As Reid grew in her career and took on new roles, she learned that a successful in-house lawyer needs to think inclusively and gain different perspectives, not just focus on transactions or financing. That insight honed her focus on driving the company’s workforce efforts.
The strategy starts with listening. Dominion Energy has surveyed all sixteen thousand employees three times in six years to understand their experience in the workplace. What’s working well? What needs to change? The results have shaped a three-pronged engagement strategy.
First, the company is aiming to give office-based employees a “workplace of the future.” This includes new design principles that emphasize more natural light and less formal space, as well as more access to gyms and healthy food options. Gone is a suit-and-tie culture, replaced by a flexible dress code that trusts employees to dress as their workdays require. Flexible schedules prioritize delivering results above clocking time in the office. All of these changes are about crafting a future with a diverse workforce and a diversity of working styles.
Second, the company aims to shape a diverse workforce that reflects the communities it serves. Tactics include recruiting veterans, and building relationships with groups that have been historically underrepresented in energy, including women, African Americans, the LGBTQ community, and many others.
And third, the company has bolstered its intern program and scholarship programs.
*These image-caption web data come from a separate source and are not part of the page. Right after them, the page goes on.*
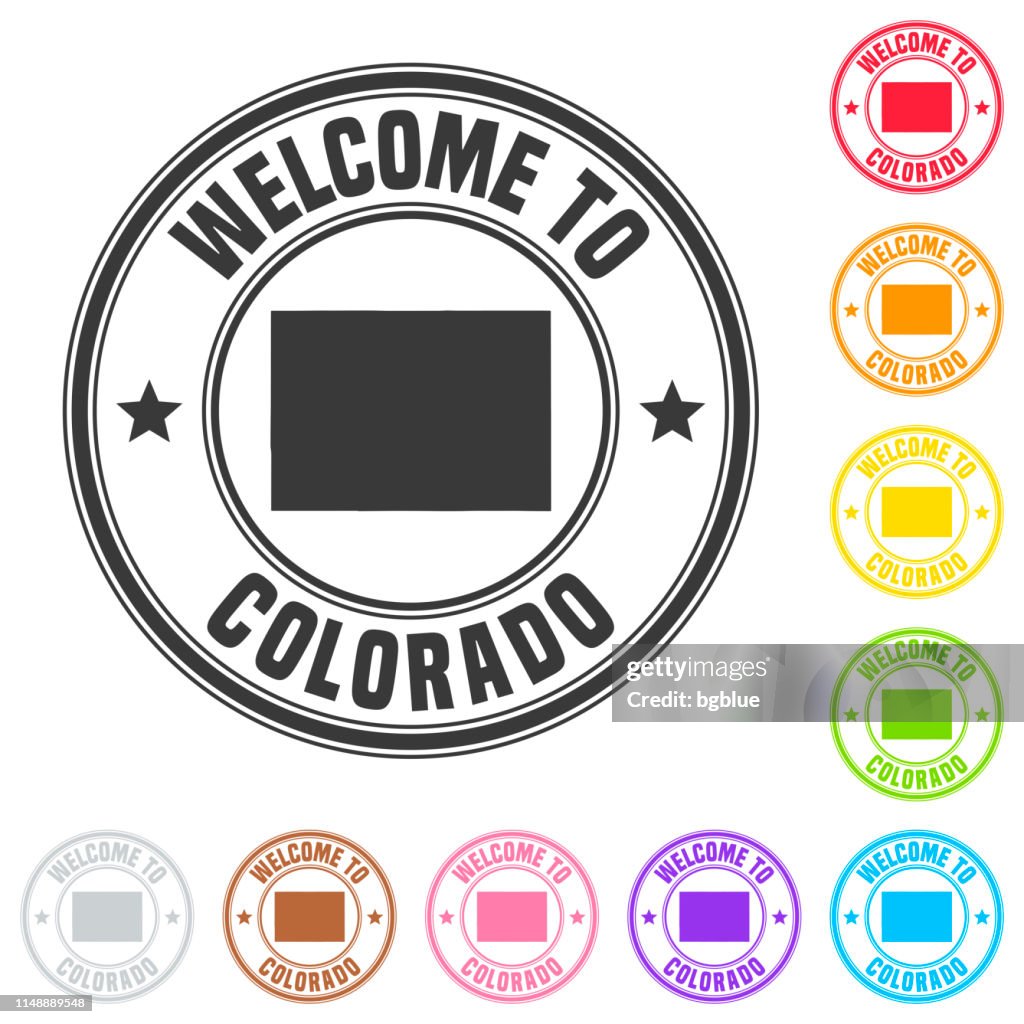 Welcome to Colorado stamp - Colorful badges on white background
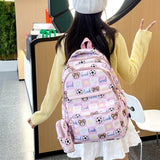 New Large Capacity Cute Printed Bear School Bag High School Primary School Student Bag Plaid Campus Lightweight Backpack Wholesale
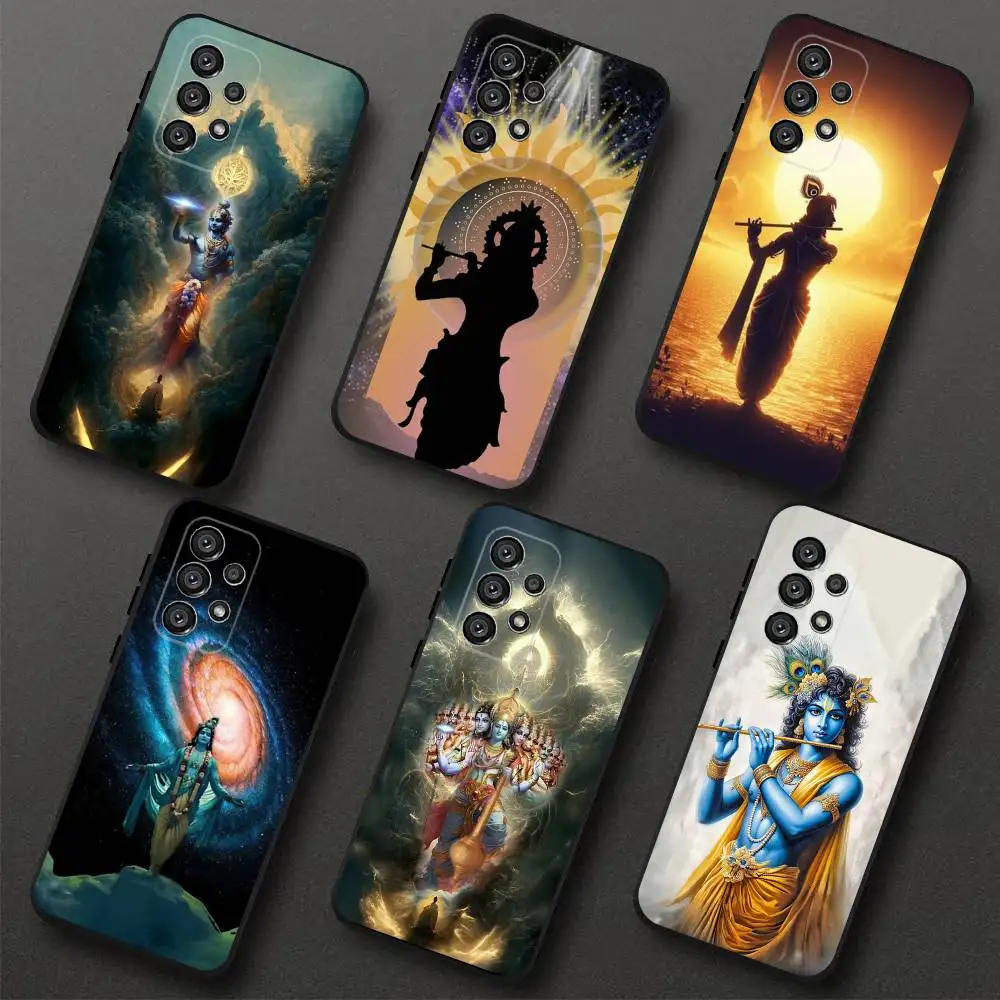 

Indian God Lord Krishna Phone Case For Samsung S 25,24,23,22,30,21,10,9,Ultra,Plus,Lite,FE,4,5G Black Soft Case
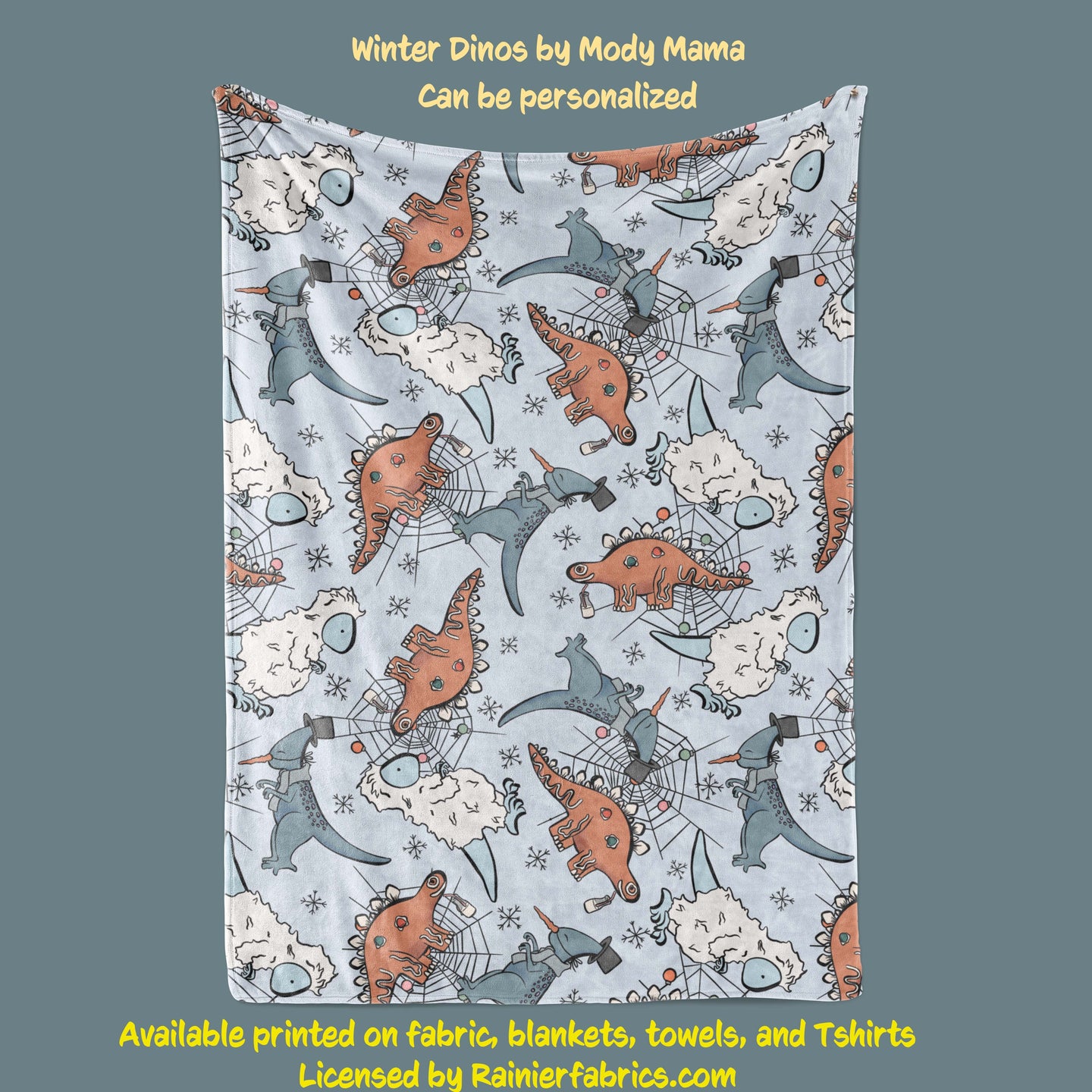 Winter Dinos by Moody Mama - Blanket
These new efforts supplement longstanding partnerships with engineering programs by intentionally seeking to hire diverse interns from historically black colleges and universities (HBCUs) and liberal arts schools.
“Tomorrow’s workforce starts with students who are seventeen, eighteen, nineteen years old today, and we intend to reach them where they are,” Reid says.
Reid also emphasizes that learning continues throughout an employee’s career, and has helped shaped programs to address that.
“We hold numerous lunch-and-learn opportunities for employees and small groups to sit down with company leaders and talk about whatever they feel is important,” Reid says. “There’s nothing better than sitting down face-to-face and having a conversation about how to support employees and help them be successful.” This includes learning from experienced workers, tapping into deep institutional memory.
“We’re creating new mentorship opportunities and seeking ways for different generations of workers to share with each other,” Reid says. “We’re even working this into the design of our office spaces, which have lots of common spaces to spark brainstorming that often comes from unplanned interactions and informal meetings.
“We’re investing in new technology to document processes so that people moving into new jobs have support even when they don’t have forty years of experience of having done it themselves,” she says.
These changes are making it easier to tell the company’s story effectively, which in turn attracts talented new workers in a competitive labor market.
“We are so much more than just your local utility,” Reid says. “We want top talent to know that we are the country’s third-largest solar provider. We’re leading the industry in reducing carbon and cutting methane emissions. We’re growing cleaner and greener every day. Dominion Energy is shaping the energy industry in the United States, and this is an exciting place to build a career.”
Giving Back to the Community
Carter Reid appreciates the company’s commitment to giving back to local communities—including $30 million in community contributions and 125,000 volunteer hours a year.
“Dominion Energy encourages all of the leadership team to serve on boards for community organizations,” she says. Every employee is given one day each year to volunteer in the community, whether at their children’s school or at their favorite charitable organization. Reid uses her volunteer time to focus primarily on art and theater organizations that work with kids after school. That commitment has been contagious even within Reid’s own family: her college-age daughter spends a lot of time volunteering, a fact which makes Reid endlessly proud.